▶ Requirement
Restate word for word the section of the entries that opens at the line containing "Lesiones deportivas. Pubalgia:la" and closes at the line containing "Bioaqua Mode faire", both lines kept, pictures dropped.

(Information supplied begins)

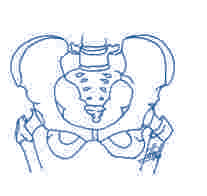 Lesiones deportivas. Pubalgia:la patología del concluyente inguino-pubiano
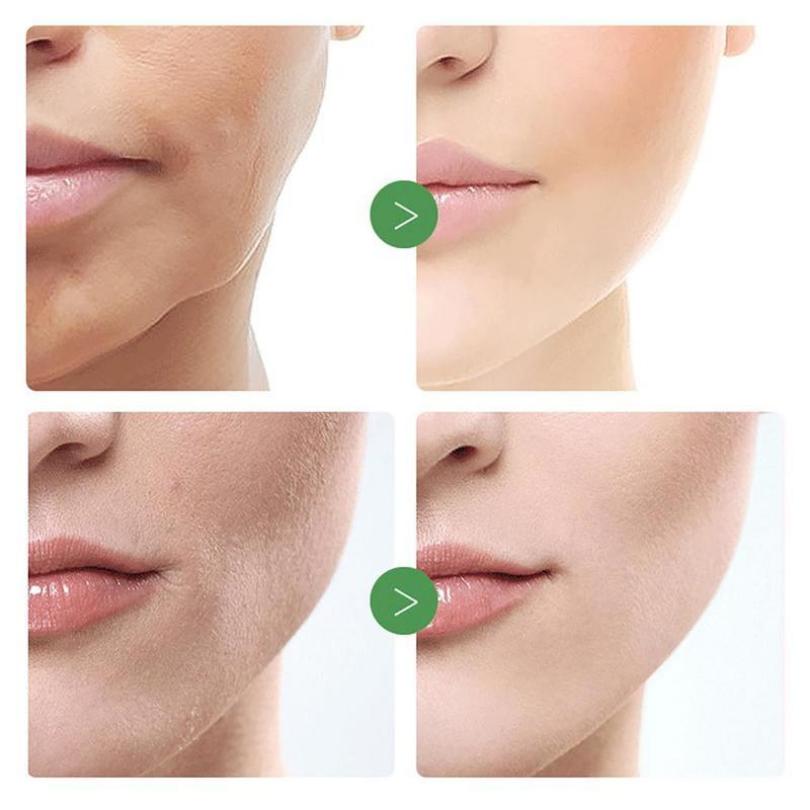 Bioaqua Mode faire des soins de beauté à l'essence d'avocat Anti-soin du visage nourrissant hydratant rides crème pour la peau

(Information supplied ends)
(Information supplied begins)

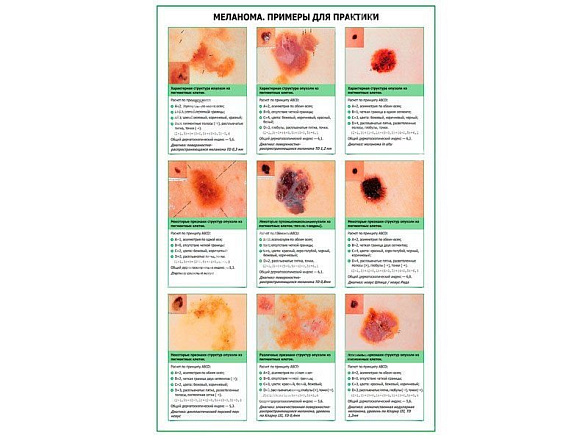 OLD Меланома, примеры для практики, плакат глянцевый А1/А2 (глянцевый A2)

(Information supplied ends)

▶ Solution for this task
 Lesiones deportivas. Pubalgia:la patología del concluyente inguino-pubiano
 Bioaqua Mode faire des soins de beauté à l'essence d'avocat Anti-soin du visage nourrissant hydratant rides crème pour la peau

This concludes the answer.